Hunt Clayton R, Pandita Raj K, Laszlo Andrei, Higashikubo Ryuji, Agarwal Manjula, Kitamura Tetsuya, Gupta Arun, Rief Nicole, Horikoshi Nobuo, Baskaran Rajeskaran, Lee Ji-Hoon, Löbrich Markus, Paull Tanya T, Roti Roti Joseph L, Pandita Tej K
Department of Radiation Oncology, Washington University School of Medicine, St Louis, Missouri, USA.
Cancer Res. 2007 Apr 1;67(7):3010-7. doi: 10.1158/0008-5472.CAN-06-4328.
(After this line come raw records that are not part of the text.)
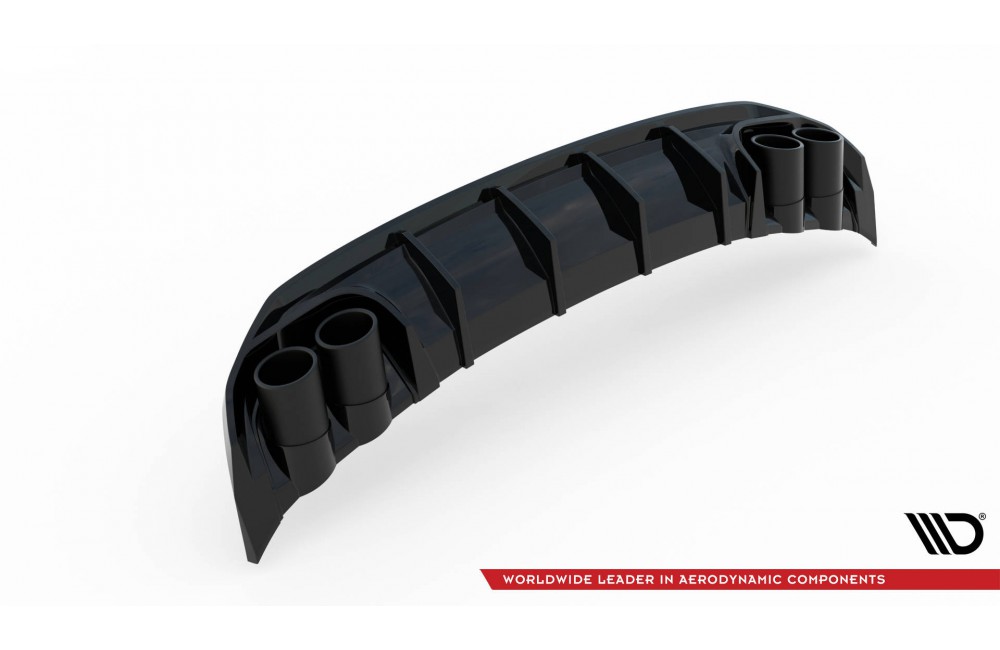 Rear Valance + Exhaust Ends Imitation Audi A3 S-Line Sportback 8Y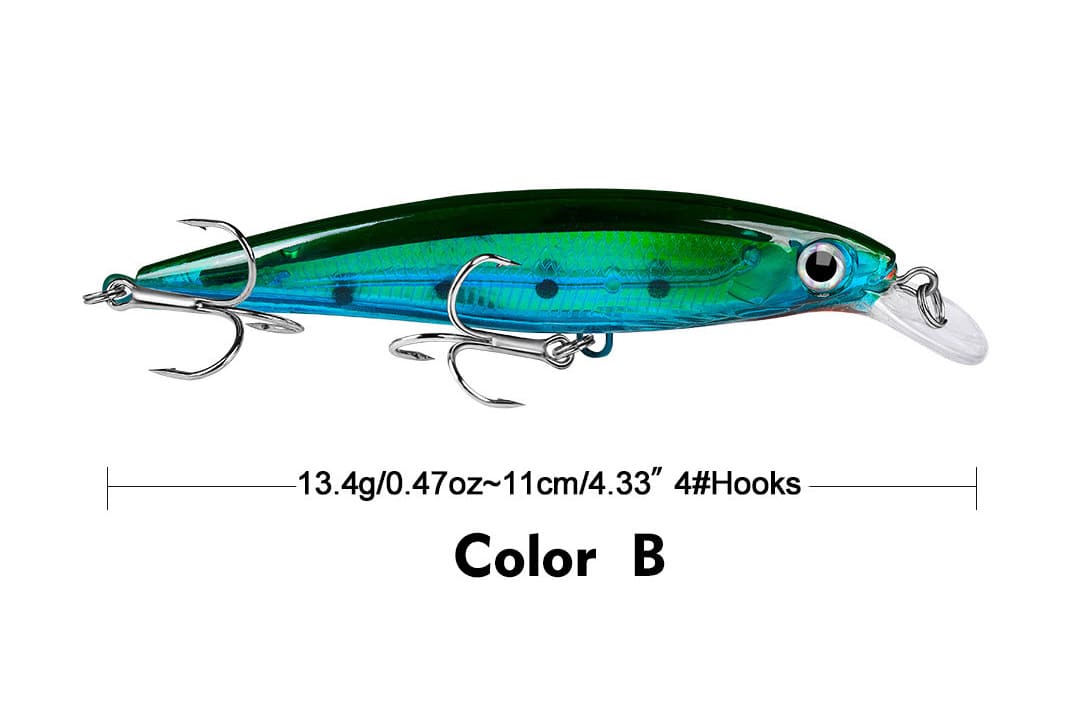 Acensfeic Minnow Minnow 10 Color 13.4g Jerkbait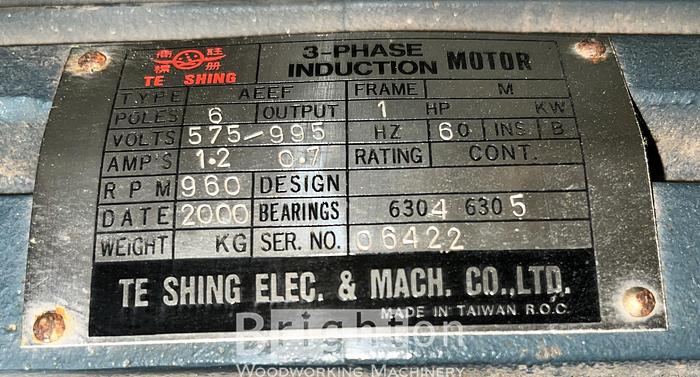 Used 2000 Silver SHS-603 Used Moulder #BM2295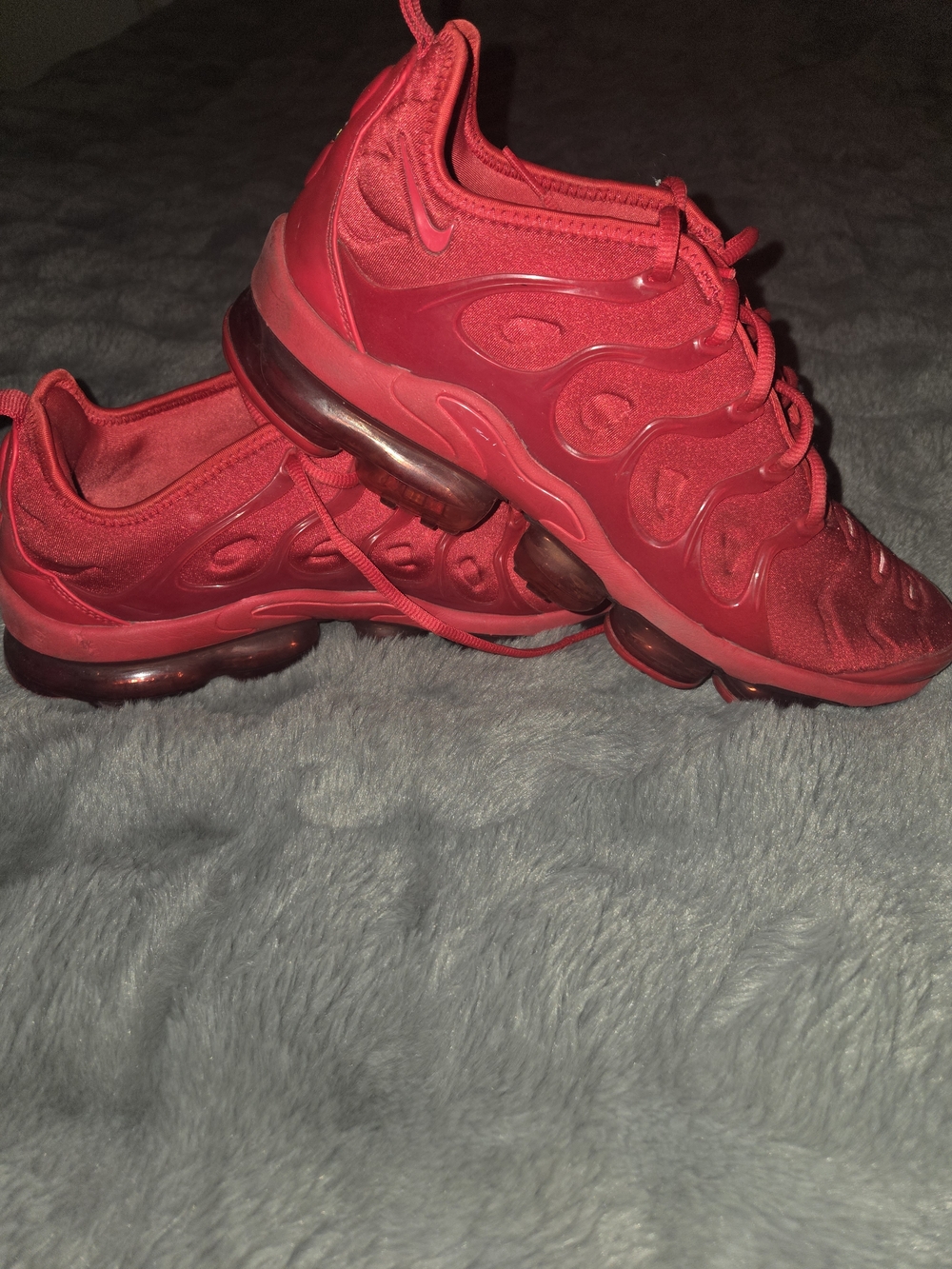 Nike Air VaporMax Plus Red Low-Top Sneakers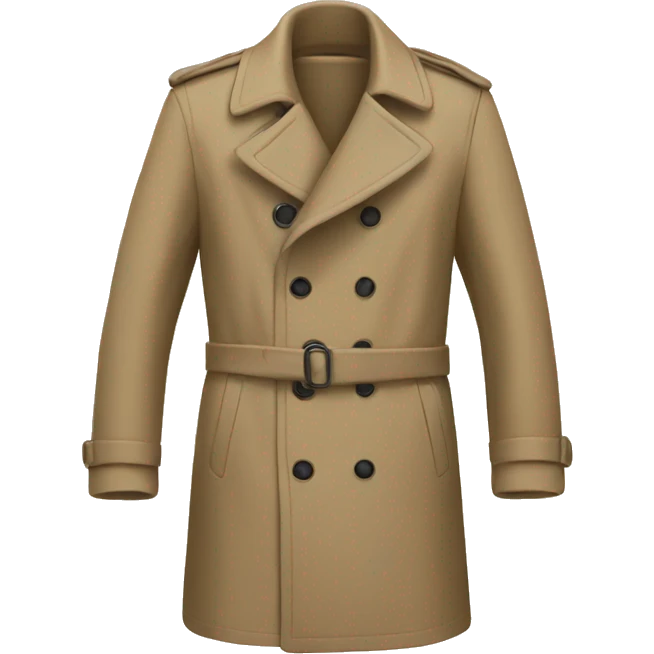 Trench coat emoji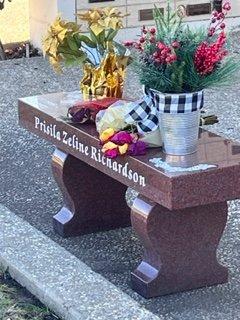 Beautiful stone benches, there for decades to sit and contemplate, are now sold as memorials NOBODY can sit on.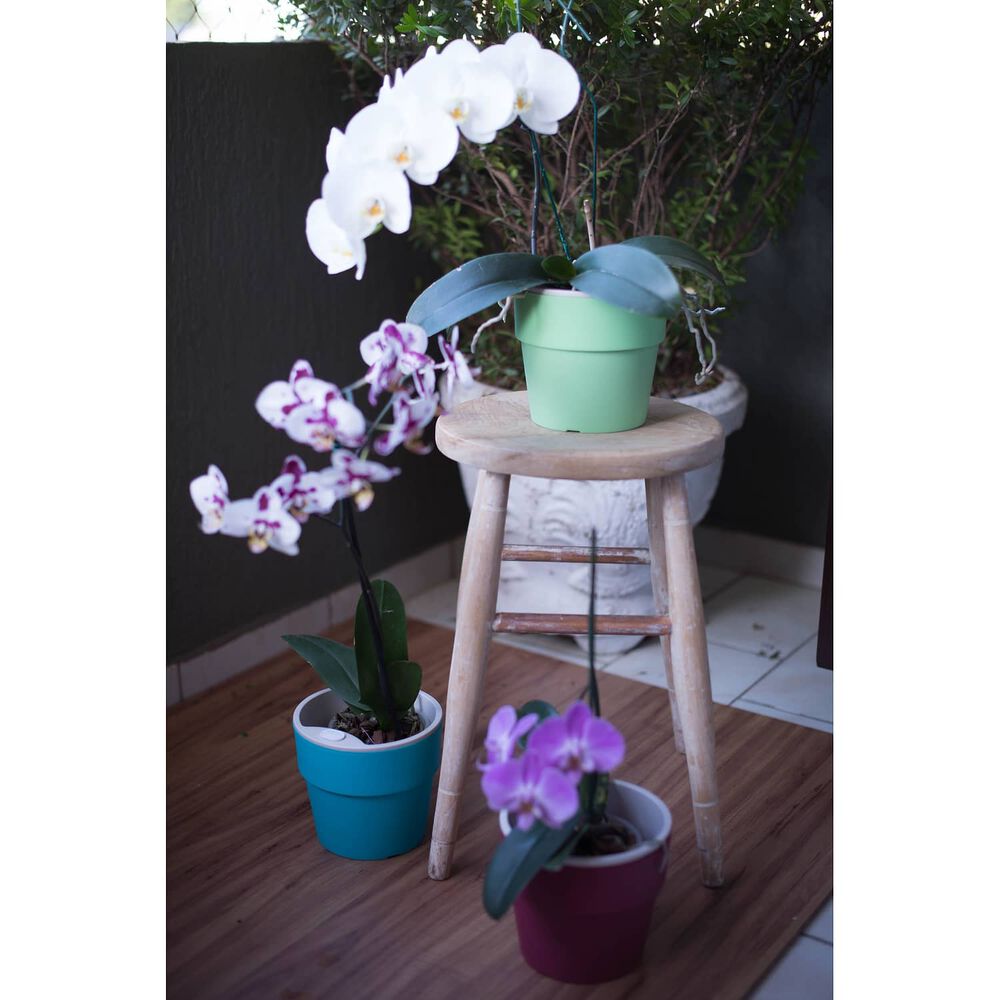 Macetero Autorriego Verde Menta 16 X 14 Cm image number 2.0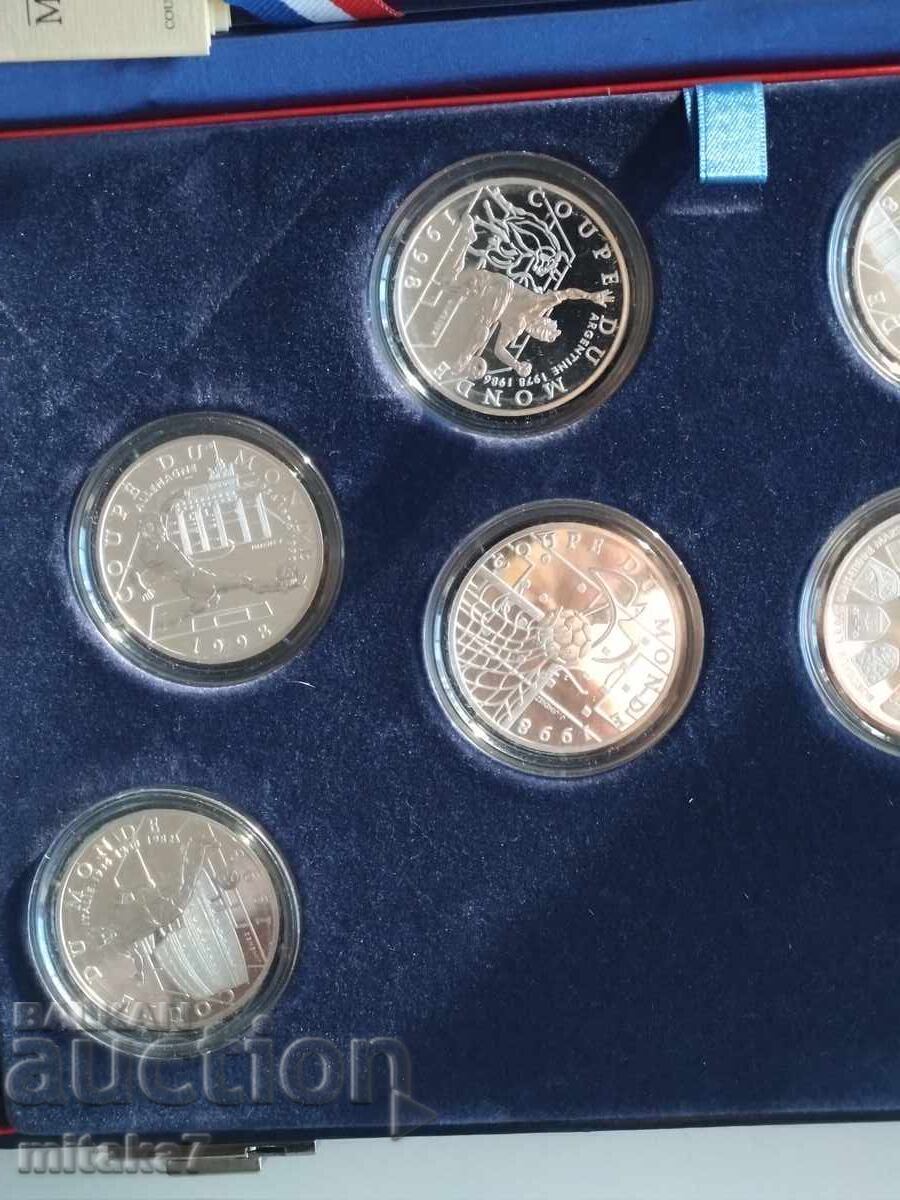 Auction  Set of silver coins World Cup 1998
All cells have intricately coupled sensing and signaling mechanisms that regulate the cellular outcome following exposure to genotoxic agents such as ionizing radiation (IR). In the IR-induced signaling pathway, specific protein events, such as ataxia-telangiectasia mutated protein (ATM) activation and histone H2AX phosphorylation (gamma-H2AX), are mechanistically well characterized. How these mechanisms can be altered, especially by clinically relevant agents, is not clear. Here we show that hyperthermia, an effective radiosensitizer, can induce several steps associated with IR signaling in cells. Hyperthermia induces gamma-H2AX foci formation similar to foci formed in response to IR exposure, and heat-induced gamma-H2AX foci formation is dependent on ATM but independent of heat shock protein 70 expression. Hyperthermia also enhanced ATM kinase activity and increased cellular ATM autophosphorylation. The hyperthermia-induced increase in ATM phosphorylation was independent of Mre11 function. Similar to IR, hyperthermia also induced MDC1 foci formation; however, it did not induce all of the characteristic signals associated with irradiation because formation of 53BP1 and SMC1 foci was not observed in heated cells but occurred in irradiated cells. Additionally, induction of chromosomal DNA strand breaks was observed in IR-exposed but not in heated cells. These results indicate that hyperthermia activates signaling pathways that overlap with those activated by IR-induced DNA damage. Moreover, prior activation of ATM or other components of the IR-induced signaling pathway by heat may interfere with the normal IR-induced signaling required for chromosomal DNA double-strand break repair, thus resulting in increased cellular radiosensitivity.
所有细胞都具有复杂的传感和信号传导机制,这些机制在细胞暴露于诸如电离辐射(IR)等基因毒性剂后调节细胞结果。在IR诱导的信号通路中,特定的蛋白质事件,如共济失调毛细血管扩张突变蛋白(ATM)激活和组蛋白H2AX磷酸化(γ-H2AX),在机制上已得到充分表征。目前尚不清楚这些机制如何被改变,尤其是被临床相关药物改变。在此我们表明,热疗作为一种有效的放射增敏剂,可在细胞中诱导与IR信号传导相关的多个步骤。热疗诱导的γ-H2AX焦点形成类似于对IR暴露作出反应而形成的焦点,并且热诱导的γ-H2AX焦点形成依赖于ATM,但与热休克蛋白70的表达无关。热疗还增强了ATM激酶活性并增加了细胞ATM的自磷酸化。热疗诱导的ATM磷酸化增加与Mre11功能无关。与IR相似,热疗也诱导了MDC1焦点形成;然而,它并未诱导与辐射相关的所有特征性信号,因为在受热细胞中未观察到53BP1和SMC1焦点的形成,而在受辐照细胞中则会出现。此外,在IR暴露的细胞中观察到了染色体DNA链断裂的诱导,但在受热细胞中未观察到。这些结果表明,热疗激活的信号通路与IR诱导的DNA损伤激活的信号通路重叠。此外,热疗预先激活ATM或IR诱导信号通路的其他成分可能会干扰染色体DNA双链断裂修复所需的正常IR诱导信号,从而导致细胞放射敏感性增加。